After hours of fierce fighting, the protesters were pushed back onto their last lines of defense in Independence square and just about forced the police back after an attempt to clear the square. Once the dust had settled almost 30 police and protesters had been killed, on a day where firearms were used openly by both sides for the first time.

Vice News arrived a day later to a city on lockdown and Independence square resembling a dystopian protest nightmare, fires burning, everything covered in black ash and the protesters themselves looked tired and desperate as a fragile truce held throughout the night.

The next day however set of a chain of events that would leave dozens of protesters dead, Yanukovych fleeing the country and the protesters firmly in control of parliament.

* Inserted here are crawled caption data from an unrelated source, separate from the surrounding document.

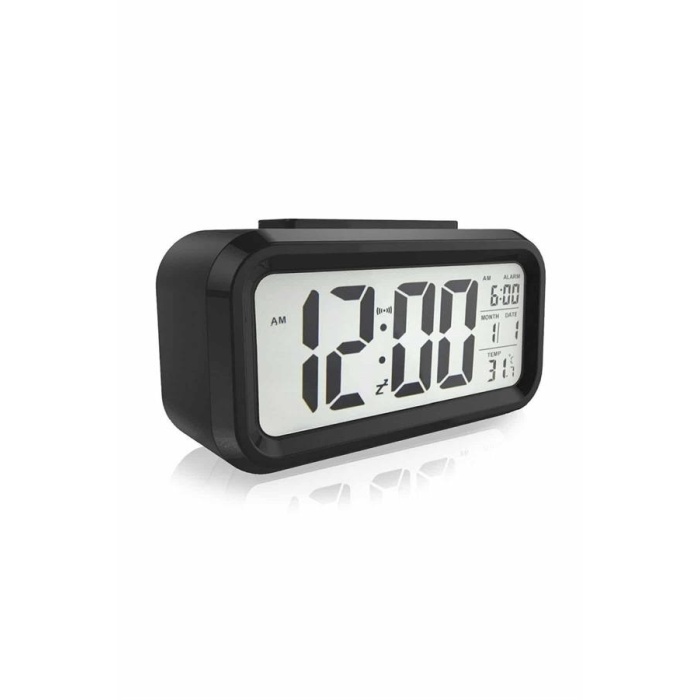 Dijital Masa Saati Takvim Çalar Saat Alarmlı Işıklı Led Ekran Pilli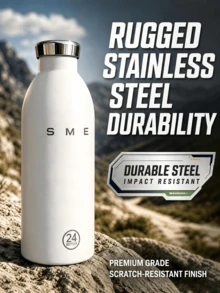 SMEGGEMS 時尚 240ml 不鏽鋼保溫杯，不鏽鋼真空杯，防漏可重複使用雙層杯，適用於熱飲和冷飲，汽水、水果茶、果汁、咖啡等，絕佳咖啡禮物 - 白色 - 查看 7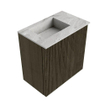 Mondiaz JOYA-DLUX Meuble de toilette 40cm - couleur Shadow - Vasque FAYE position Gauche Sans trou de robinet couleur Glace SW1422725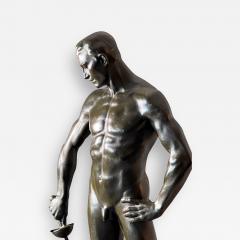 Hugo Lederer Athletic Male Nude with Sword - 2313834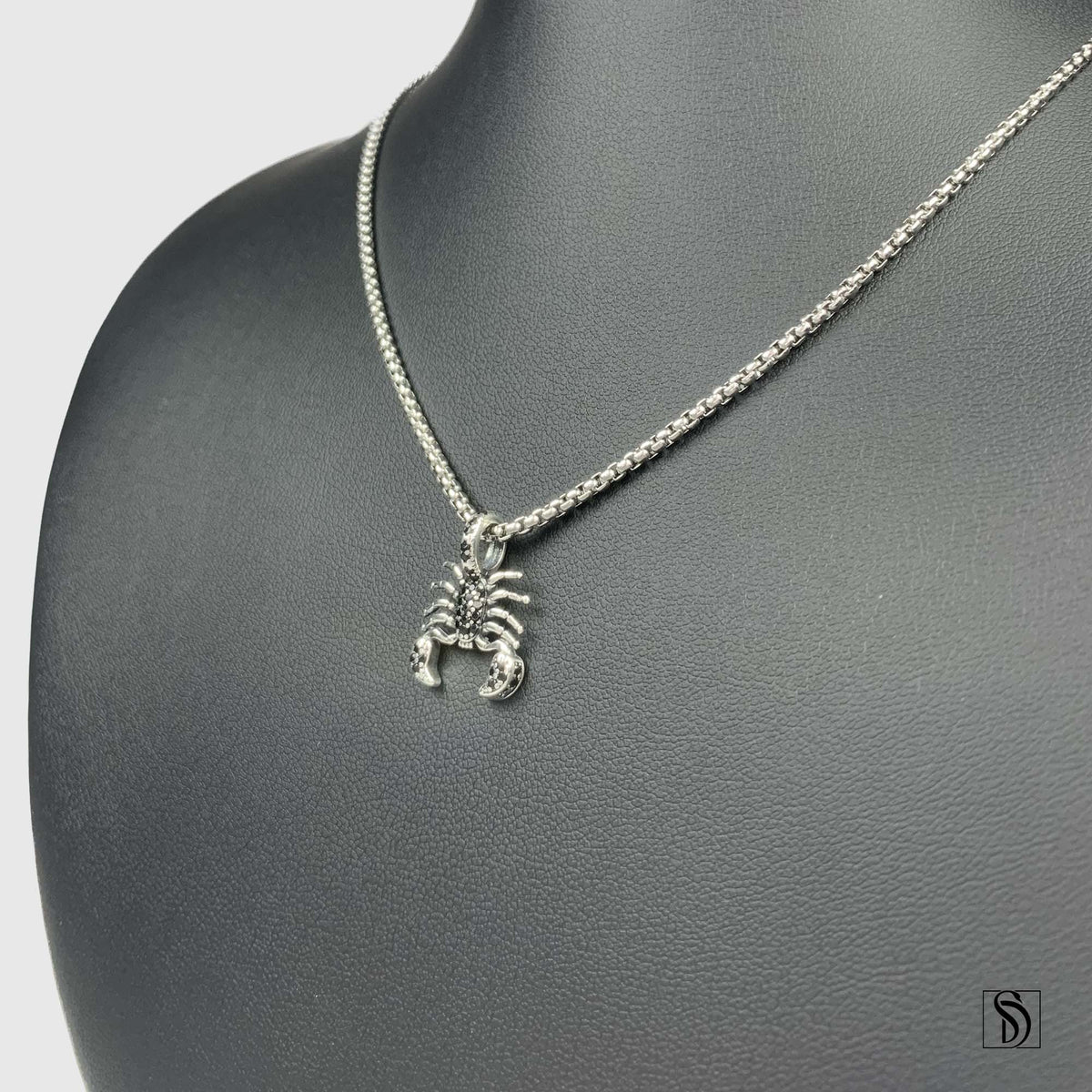 Scorpion Gemstone Pendant Necklace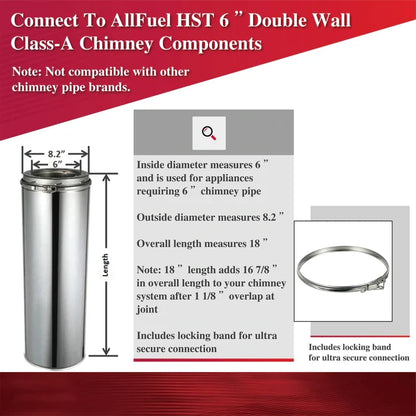 Class A Chimney Pipe 6" — AllFuel HST — 9"
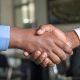 Image of a business handshake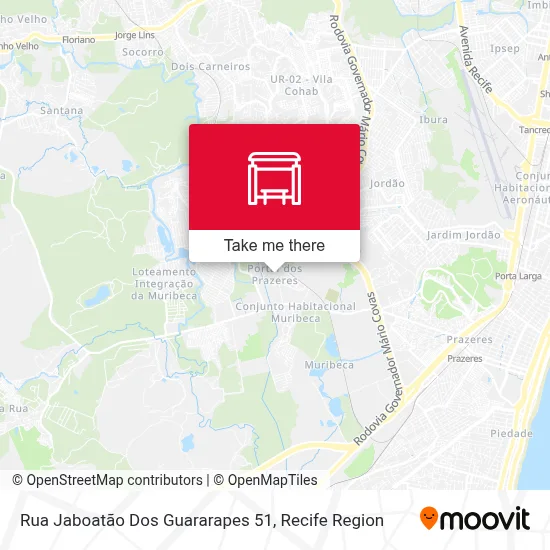 Rua Jaboatão Dos Guararapes 51 map
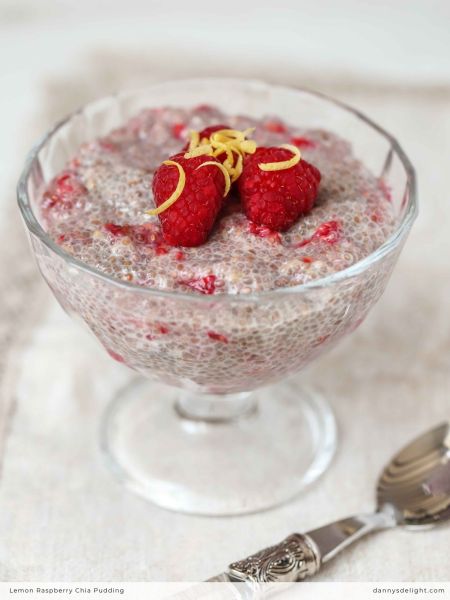 Lemon Raspberry Chia Pudding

This film tracks the last days of the Euromaidan revolution, from the mass killings of protesters by the police on 20th February, to the day Yanukovych fled his private estate, leaving behind a wealth of incriminating documents linking him to fraud, corruption and possibly even attempted murder.

Within days an interim government, made up of protest figures and opposition MPs was in power and presidential elections were set for the 25th May. However, since the end of the revolution the new government has had to face a nosediving economy, the Russian annexation of Crimea and now a violent bid for independence by pro-Russian separatists in the east. After a violent and chaotic 6 months, the election gives the country a chance to look towards a future of closer links to the EU and a chance to end the corruption that dominates Ukrainian society.